Now it's the tail end of June and the rice fields are greening up. This year we planted almost exactly 3 acres of four Japanese varieties, Hokkai, Akitakomachi, Oborozuki and Nanatsuboshi. All are doing well.
about 250 ducks have already been released into the rice paddies and the remaining 150 will go out tomorrow or Friday. This development in the season is a turning point--the point when hopefully the animals start, collectively, doing more work than the humans.
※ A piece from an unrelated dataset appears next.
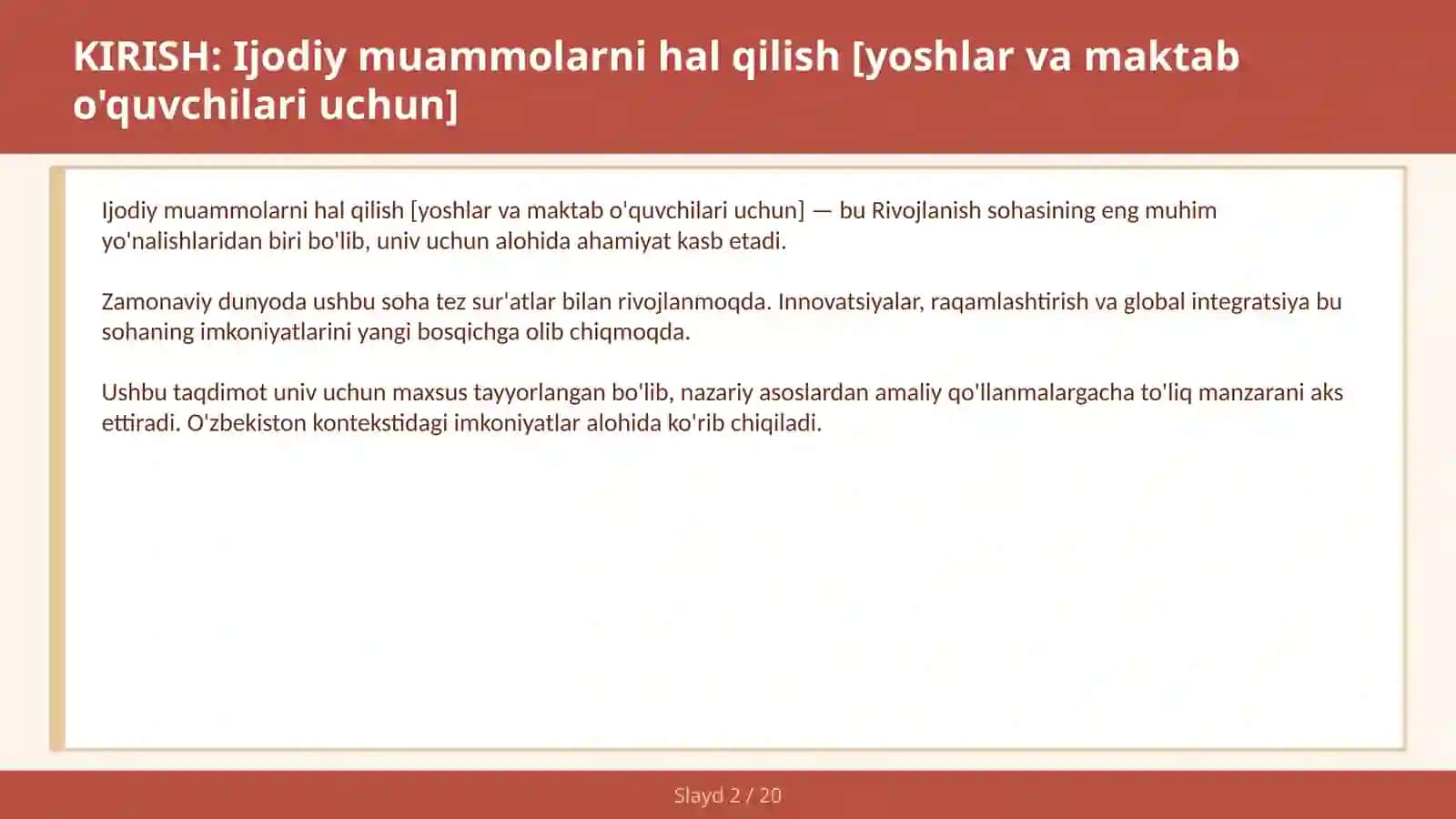 Ijodiy muammolarni hal qilish [yoshlar va maktab o'quvchilari uchun] 2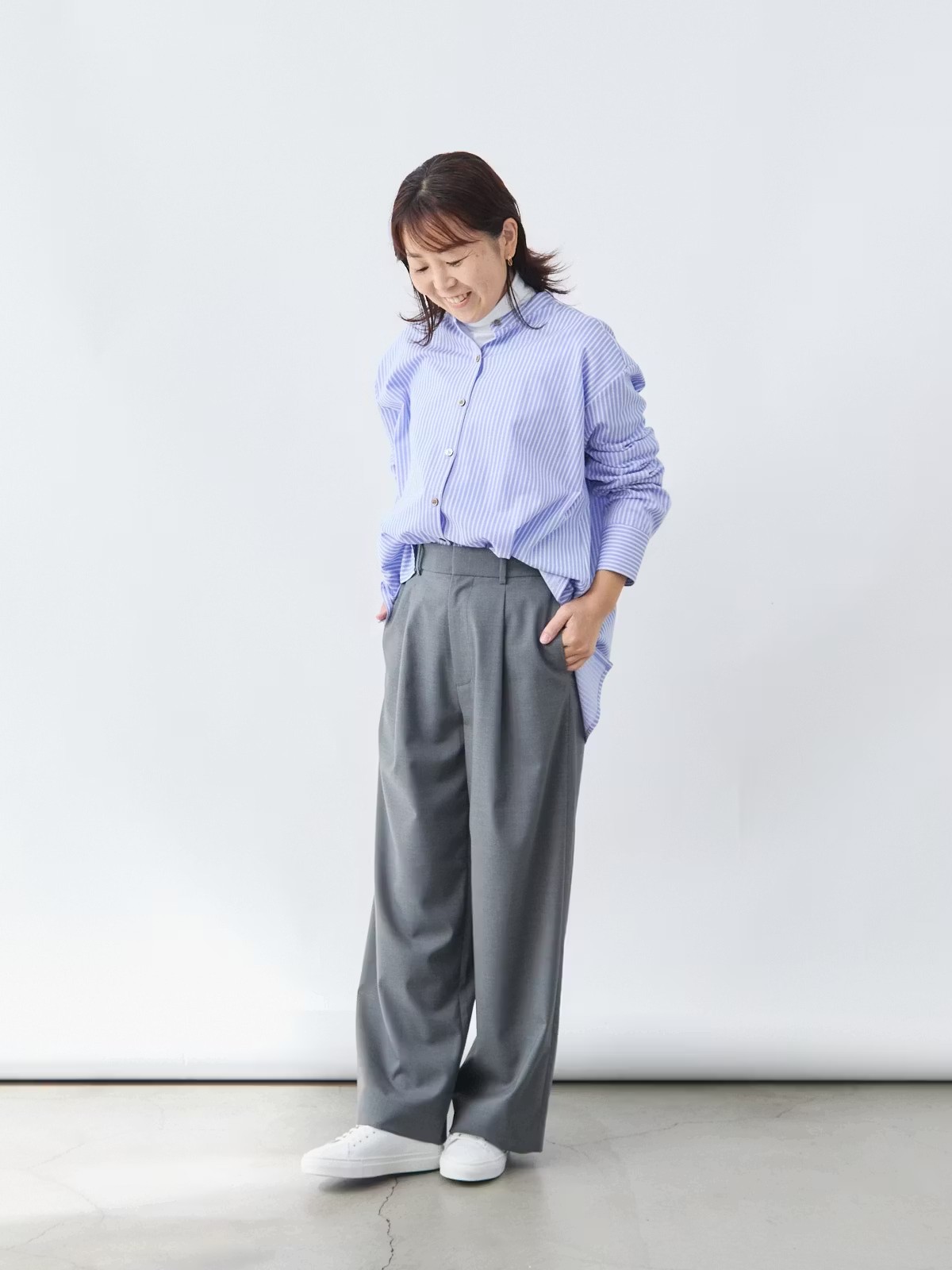 ストライプバンドカラーブラウス バランサーキュラー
Duck and rice farming has a lot of technique wrapped up in it. The plants, the ducks, and the field conditions, and the timing all have to be just right for the method to work. We depend on the ducks to keep our fields weed-free and for fertility. A few years I tried to rely on hand weeding and I can't go there again. Pulling up weeds one square foot at a time while standing in deep mud is not a great pastime. It's all right for a very small scale project but for one like ours, which aims to produce tons rather than pounds of rice, hand weeding is no option for my 44-year old body. Chemicals are no kind of option either. But duck rice farming is an effective answer to the problem--if you can pull it off!
Last year we only planted about one acre but we actually managed to get the timing and the above variables right, or close enough to right. Timely introduction of the ducklings into the crop seems to be key. We noticed differences in weed pressure, and, after that, in yield and quality, between plots where we got the ducks in within 10 days and plots where we did not. This year the majority of the plots we are farming got their ducklings swiftly. That remaining group of ducklings I mentioned earlier that is still cooling their heels in the barn (do ducks have heels?) is going to be a little late but I think close enough. It's all a big experiment.